I resisted RAG for a while because it felt like an excuse to build a small database and call it “AI.” Then I looked at my own mess: README files, tickets, config snippets, and that one markdown doc called “NOTES-final-final-2.md.”
In my lab, the real promise of RAG is not magic new intelligence. It is less context switching. If I can ask “what did I do last time” and get the right file and the right paragraph, that is a win.
The punchline: retrieval is an ops problem disguised as an AI problem. The model is usually not the hard part. The hard part is ingest, chunking, permissions, and getting the system to fail in a way that does not lie to you.
what I tried to index (and what I avoided)

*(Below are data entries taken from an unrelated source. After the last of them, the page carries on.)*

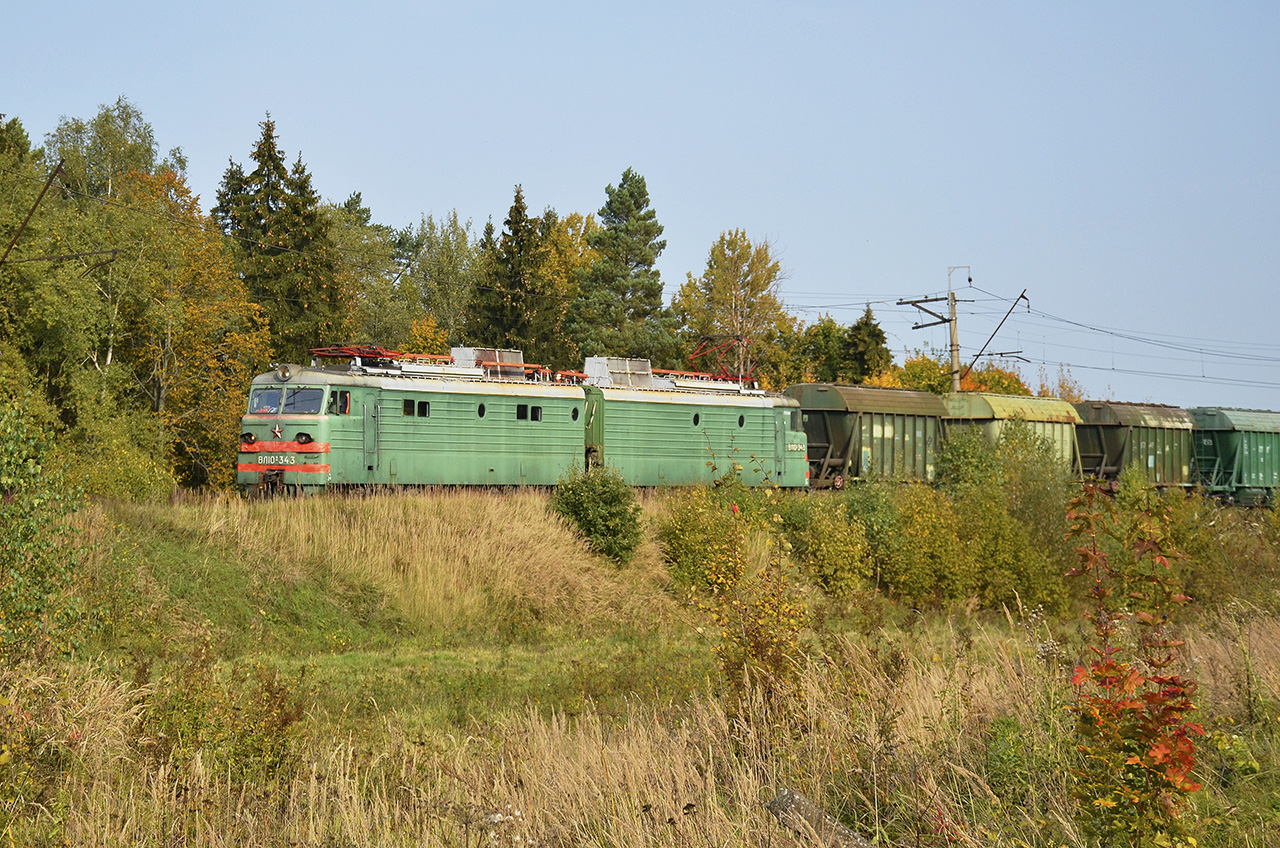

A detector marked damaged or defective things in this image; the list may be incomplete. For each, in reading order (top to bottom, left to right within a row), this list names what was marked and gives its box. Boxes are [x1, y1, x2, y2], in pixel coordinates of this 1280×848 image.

rusty freight car roof [778, 384, 952, 417]
rusty freight car roof [947, 394, 1085, 427]
rusty freight car roof [1075, 404, 1192, 432]
rusty freight car roof [1182, 409, 1280, 435]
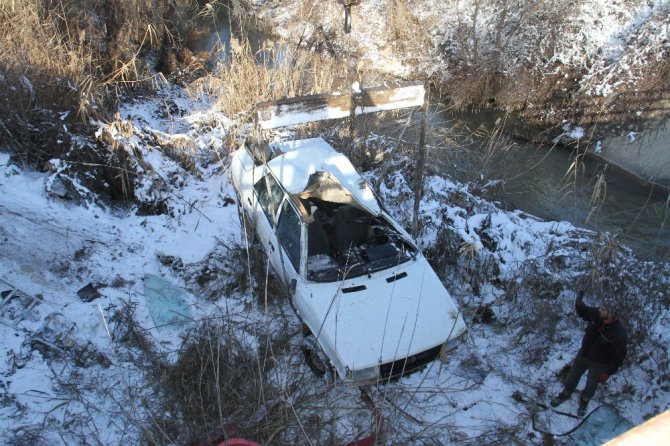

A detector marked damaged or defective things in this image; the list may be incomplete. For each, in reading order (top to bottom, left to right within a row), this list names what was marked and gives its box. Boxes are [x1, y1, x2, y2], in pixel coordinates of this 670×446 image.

crushed car roof [268, 139, 384, 217]
crashed white car [231, 138, 468, 386]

I started small. In my lab I indexed:
- my homelab docs (markdown),
- service READMEs and deploy notes,
- snippets I actually reuse (bash, systemd unit templates),
- a handful of exported web pages that I reference often.
I avoided indexing:
- huge binary dumps,
- random chat logs,
- anything where I could not define what “right answer” even means.

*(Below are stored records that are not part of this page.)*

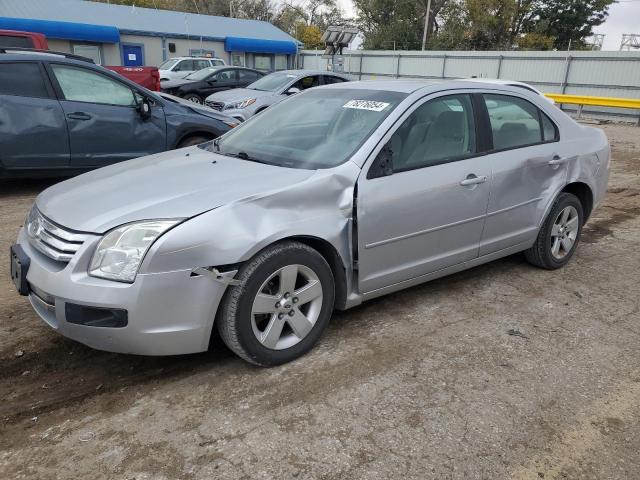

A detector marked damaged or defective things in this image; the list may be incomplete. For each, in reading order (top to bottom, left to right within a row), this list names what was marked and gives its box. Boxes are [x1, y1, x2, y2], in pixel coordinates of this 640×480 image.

damaged silver sedan [10, 80, 608, 366]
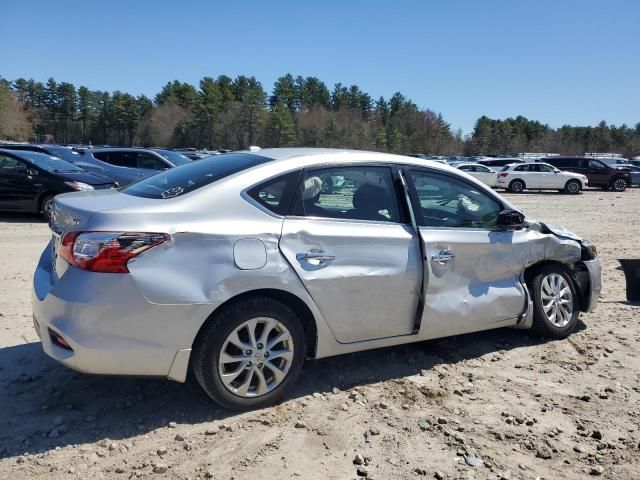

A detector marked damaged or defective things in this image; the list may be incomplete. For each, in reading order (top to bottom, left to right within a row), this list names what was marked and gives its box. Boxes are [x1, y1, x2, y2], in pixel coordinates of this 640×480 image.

damaged silver car [32, 149, 604, 408]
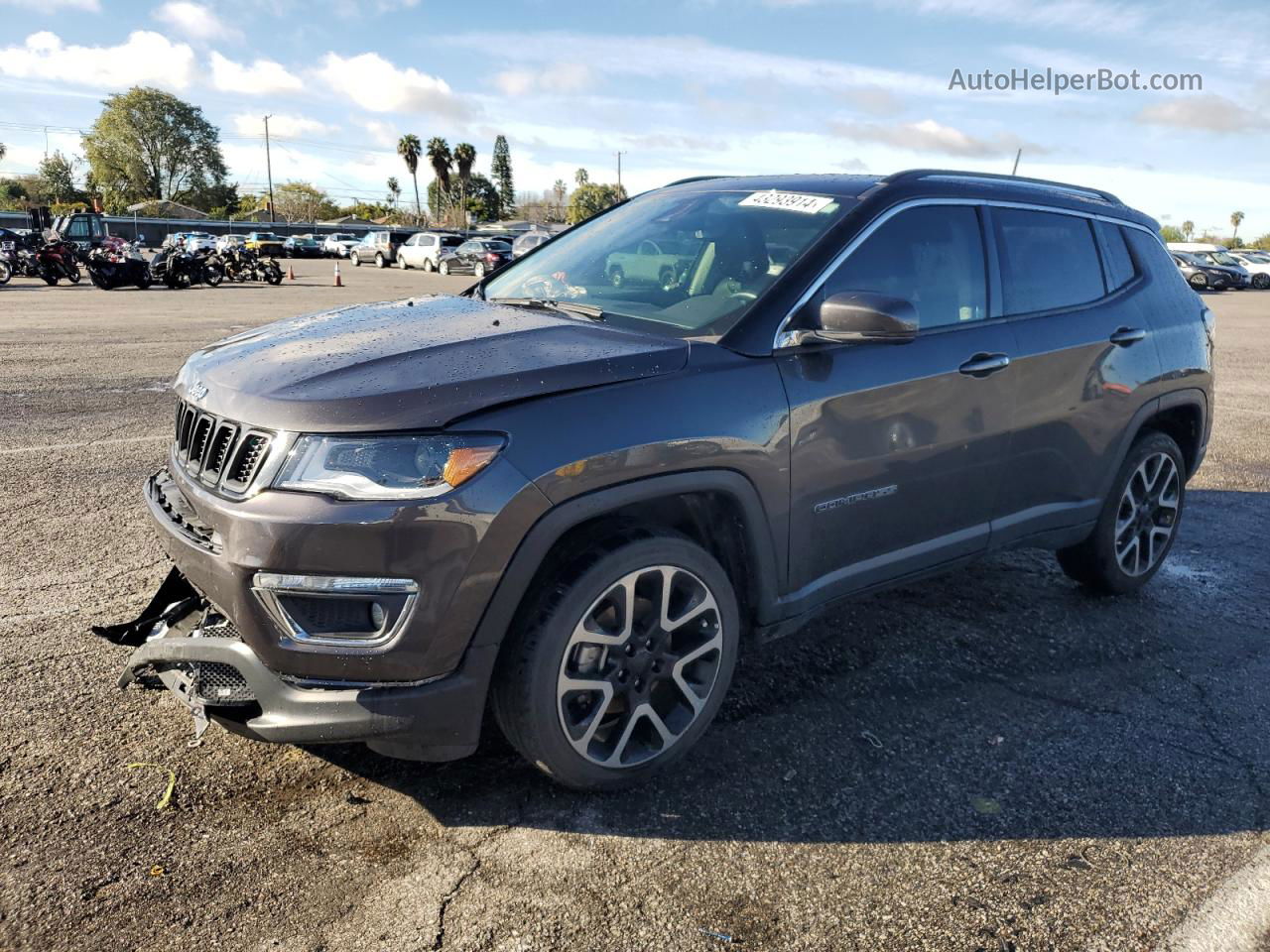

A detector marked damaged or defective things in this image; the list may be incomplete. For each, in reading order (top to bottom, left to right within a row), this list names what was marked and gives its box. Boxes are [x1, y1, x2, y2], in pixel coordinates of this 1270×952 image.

damaged front bumper [93, 571, 497, 767]
cracked pavement [0, 262, 1264, 952]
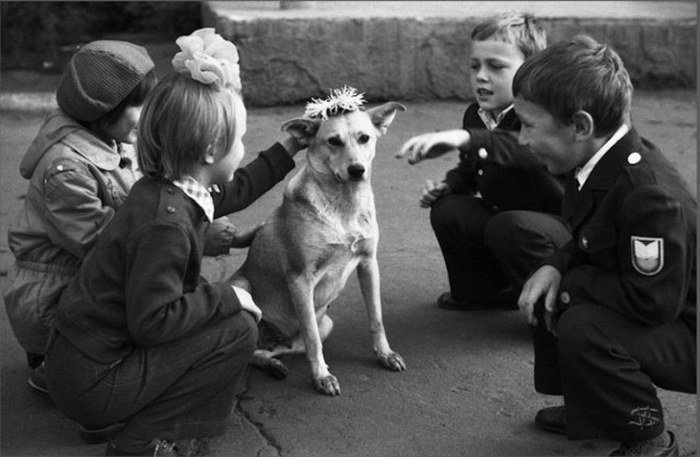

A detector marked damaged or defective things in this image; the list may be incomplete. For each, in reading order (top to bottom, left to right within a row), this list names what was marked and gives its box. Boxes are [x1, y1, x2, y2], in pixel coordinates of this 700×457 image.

pavement crack [237, 374, 284, 456]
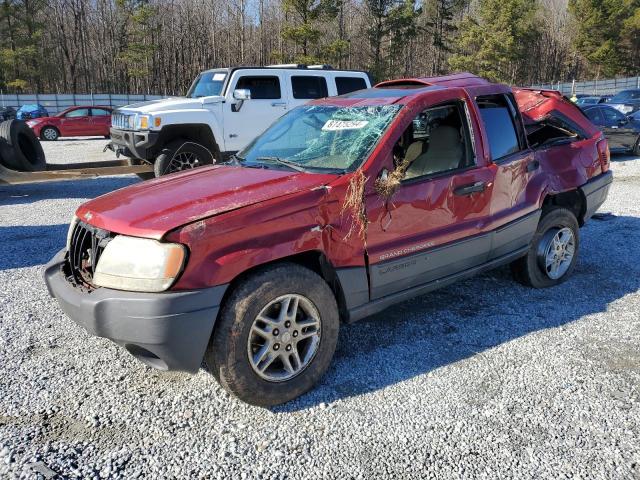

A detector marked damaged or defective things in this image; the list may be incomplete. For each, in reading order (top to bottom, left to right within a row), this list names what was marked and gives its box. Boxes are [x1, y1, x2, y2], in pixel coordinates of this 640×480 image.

crumpled hood [121, 96, 224, 113]
shattered windshield [186, 71, 229, 98]
shattered windshield [238, 105, 402, 172]
crumpled hood [75, 166, 336, 239]
damaged red suv [42, 74, 612, 404]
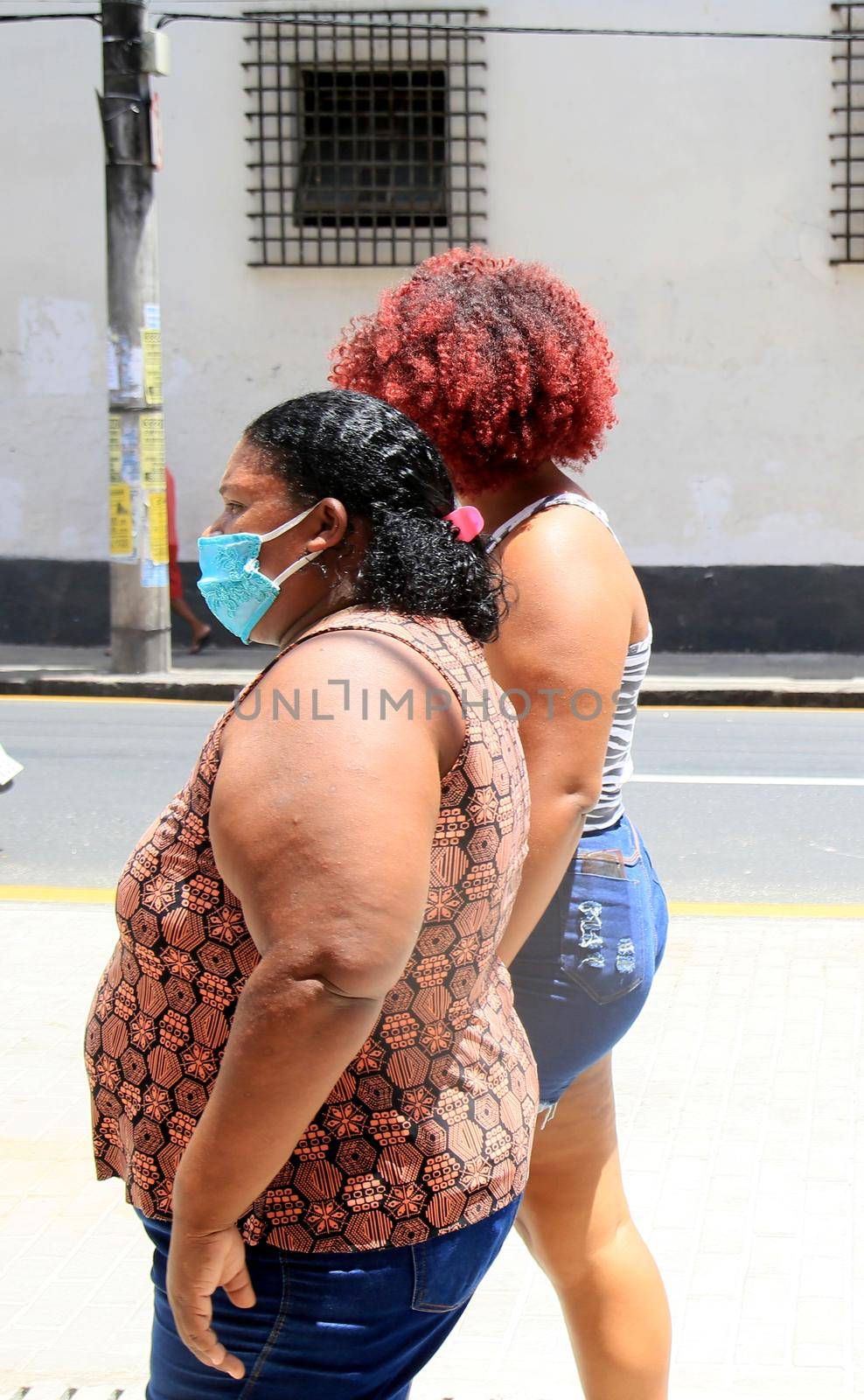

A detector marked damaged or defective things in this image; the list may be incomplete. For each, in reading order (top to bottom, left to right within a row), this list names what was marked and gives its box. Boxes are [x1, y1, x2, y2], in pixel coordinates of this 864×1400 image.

peeling paint on wall [17, 298, 96, 397]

chunking: boring decisions with big consequences
Chunking is where RAG projects go to die. Too small and you lose context. Too big and retrieval gets noisy and expensive. In my lab, the best heuristic was: chunk by structure when possible. Markdown headings, code fences, and paragraphs are your friends.
I also learned to keep some metadata: file path, last modified time (roughly), and a short type label. Otherwise every retrieved chunk looks equally plausible, which is how you get confident nonsense.
example: a minimal “index this directory” script
This is a simplified sketch of my ingestion loop. The point is not the embedding math. The point is consistent input and consistent metadata.
# example: naive ingestion loop (pseudo-code shape)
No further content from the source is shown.